Januar 2011: Wirkmacht des Wortes

Ein hochmittelalterliches Beschwörungstäfelchen aus Elbeu

Die Aufarbeitung von Altbeständen des Landesmuseums für Vorgeschichte Halle, brachte abermals ein vergessenes und demnach auch bislang unbekanntes Fundstück zum Vorschein, das sich bei seiner weiteren Untersuchung aus als bemerkenswerte Überraschung erwies. Ein zunächst recht unscheinbar wirkendes, rechteckiges Metallstück gab sich bei genauerem Hinsehen als zusammengefaltetes Bleitäfelchen zu erkennen, in dessen Vorder- und Rückseite Buchstaben und bildhafte Darstellungen eingeritzt sind (Abbildungen 1 und 2). In gefaltetem Zustand maß der Bleikörper maximal 31 Millimeter mal 19 Millimeter, bei einer Stärke von fünf Millimeter. Durch die Faltung entstanden drei Lagen, die absichtlich fest miteinander verdrückt und an den offenen Schmalseiten mit deutlich sichtbaren Kerben zum Teil noch miteinander verzahnt waren. Mit diesen Maßnahmen wollte man das schadlose Öffnen der Tafel verhindern. Aufgeklappt hat das in seiner Grundgestalt rechteckige Täfelchen mit abgerundeten Ecken eine Größe von maximal 90 Millimeter mal 52 Millimeter, bei einer Stärke von 0,5 Millimeter. Die Innenfläche ist längsseitig mit einem neunzeiligen Text beritzt, in dessen Mitte sich ein Kreis mit siegelartigen Zeichen befindet (Abbildung 3). Die ausführliche Publikation des Altfundes erfolgt im Rahmen einer übergreifenden Studie zusammen mit weiteren Vergleichsstücken aus Sachsen-Anhalt. Doch soll hier schon einmal vorab mit einem herausragenden Exemplar auf diese Fundgattung aufmerksam gemacht werden.

Herkunft

Das Täfelchen wurde 1928 bei einer Rettungsgrabung im Vorfeld der Bauarbeiten für den Mittelland-Kanal auf dem Gelände der ehemaligen Hildagsburg bei Elbeu, Gemeinde Wolmirstedt (Landkreis Börde) gefunden. Es stammt aus einem ansonst beigabenlosen Kindergrab in der Nähe der ehemaligen Burgkapelle. Aufgrund seiner Lage am Hals wurde der damals noch gefaltete Bleiklumpen vom Grabungsleiter Hans Dunker intuitiv bereits richtig als Amulett eingeschätzt.
Die Wehranlage selbst wurde 1129 durch Albrecht den Bären infolge eines Familienzwistes niedergebrannt. Das Kirchlein scheint allerdings keine irreparablen Schäden erlitten zu haben und blieb – wenn vielleicht auch mit Unterbrechungen - weiter in Nutzung. Jedenfalls wurde Pilgern, die noch im 13. und 14. Jahrhundert diese Stätte aufsuchten, Ablass gewährt. Erst seit Mitte des 16. Jahrhunderts existierte diese Kapelle nicht mehr.

Die Inschrift

Das Bleitäfelchen ist an einigen Stellen korrodiert, sodass die Lesbarkeit stellenweise stark beeinträchtigt ist. Überdies ist das Schriftbild durch die Faltung verzerrt und zerfurcht, sodass auch dadurch die Lesung bei einzelnen Worten im unteren Abschnitt unsicher ist. Dennoch gelang mit Hilfe von elektronischen Mikroskopen und Streiflichtaufnahmen in weiten Teilen die Entzifferung. In der nun vorgeschlagenen Transkription sind die problematischen Textstellen mit Fragezeichen markiert.
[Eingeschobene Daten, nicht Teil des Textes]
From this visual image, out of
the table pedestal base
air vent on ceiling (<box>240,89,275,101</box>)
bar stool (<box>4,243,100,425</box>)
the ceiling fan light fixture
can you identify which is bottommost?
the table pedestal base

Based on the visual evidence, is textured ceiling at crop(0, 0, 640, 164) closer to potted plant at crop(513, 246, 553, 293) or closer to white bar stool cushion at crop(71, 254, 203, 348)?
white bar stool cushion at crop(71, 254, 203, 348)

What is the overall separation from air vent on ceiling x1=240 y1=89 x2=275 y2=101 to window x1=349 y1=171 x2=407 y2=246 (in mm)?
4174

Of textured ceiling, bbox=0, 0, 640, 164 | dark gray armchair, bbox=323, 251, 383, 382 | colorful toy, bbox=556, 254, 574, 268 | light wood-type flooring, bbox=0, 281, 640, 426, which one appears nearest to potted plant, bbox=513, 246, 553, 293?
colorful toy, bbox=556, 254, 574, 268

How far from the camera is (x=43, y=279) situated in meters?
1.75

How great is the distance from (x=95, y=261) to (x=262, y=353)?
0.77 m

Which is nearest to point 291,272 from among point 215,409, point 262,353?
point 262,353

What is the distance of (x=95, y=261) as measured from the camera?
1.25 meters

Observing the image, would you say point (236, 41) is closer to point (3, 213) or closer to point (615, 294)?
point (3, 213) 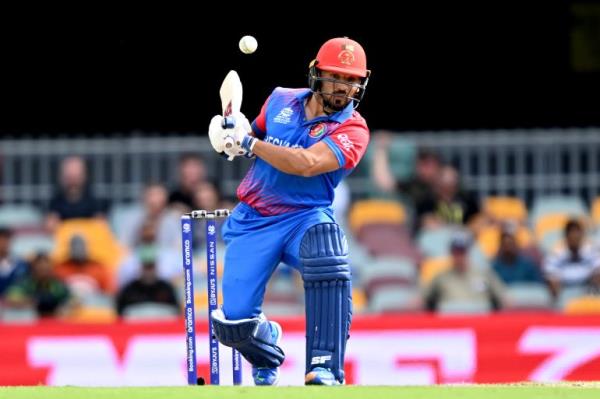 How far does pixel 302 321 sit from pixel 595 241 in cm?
290

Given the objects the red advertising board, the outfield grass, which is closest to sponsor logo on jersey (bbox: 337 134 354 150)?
the outfield grass

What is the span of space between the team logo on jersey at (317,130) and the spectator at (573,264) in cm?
532

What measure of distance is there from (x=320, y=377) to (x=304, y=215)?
0.84 meters

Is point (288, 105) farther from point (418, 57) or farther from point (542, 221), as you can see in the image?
point (418, 57)

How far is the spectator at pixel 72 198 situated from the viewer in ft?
47.4

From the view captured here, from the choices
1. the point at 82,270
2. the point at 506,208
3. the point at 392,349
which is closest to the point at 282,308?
the point at 392,349

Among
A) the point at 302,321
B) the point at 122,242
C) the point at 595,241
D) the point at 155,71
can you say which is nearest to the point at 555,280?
the point at 595,241

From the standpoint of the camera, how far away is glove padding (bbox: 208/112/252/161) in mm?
8711

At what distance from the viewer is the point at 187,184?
14.4m

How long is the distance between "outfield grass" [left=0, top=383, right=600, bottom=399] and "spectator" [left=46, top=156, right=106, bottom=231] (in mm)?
6453

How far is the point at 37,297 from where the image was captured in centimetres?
1335

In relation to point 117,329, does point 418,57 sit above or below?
above

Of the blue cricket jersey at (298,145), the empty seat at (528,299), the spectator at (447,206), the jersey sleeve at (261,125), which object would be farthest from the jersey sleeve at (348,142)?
the spectator at (447,206)

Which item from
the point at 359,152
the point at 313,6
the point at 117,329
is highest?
the point at 313,6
1  + In PiNrCiPIo erAT uerbum & uerbum /

2  + erat apud deu[m] et d[eu]S eArAt uerbum hoc/

3  [era]T In PriniciPio APud deum omnia P[er] ipsum /

4  FACTA snut et sine // kreisförmiges Zeichen // ip[s]um factum /

5  est nichil In nomine //  kreisförmiges Zeichen // PATris eT filii

6  eT sPiriuTus scs amen (?) ...//  kreisförmiges Zeichen // … Satis sit me esse(?) …

7  hAc dum tirono(?)... [Sig]

8  inAculo sancte crucis    ecce cirucem

9  domi[m]i (?)  + [fug]ite P[arte]s

10                               [adversariae]…

1  + Im Anfang war das Wort und das Wort /

2  + war bei Gott und Gott war das Wort /

3   Am Anfang bei Gott, alles ist durch dasselbe /

4  geworden und ohne // kreisförmiges Zeichen // dasselbe auch nicht eines geworden, /

5  das geworden ist. Im Namen //  kreisförmiges Zeichen // des Vaters und des Sohnes

6  des heiligen Geistes Amen  //  kreisförmiges Zeichen // Es sei genug, dass ich bin(?)

7  hier solange dem(?) Rekruten/Knecht(?) ...  [Im]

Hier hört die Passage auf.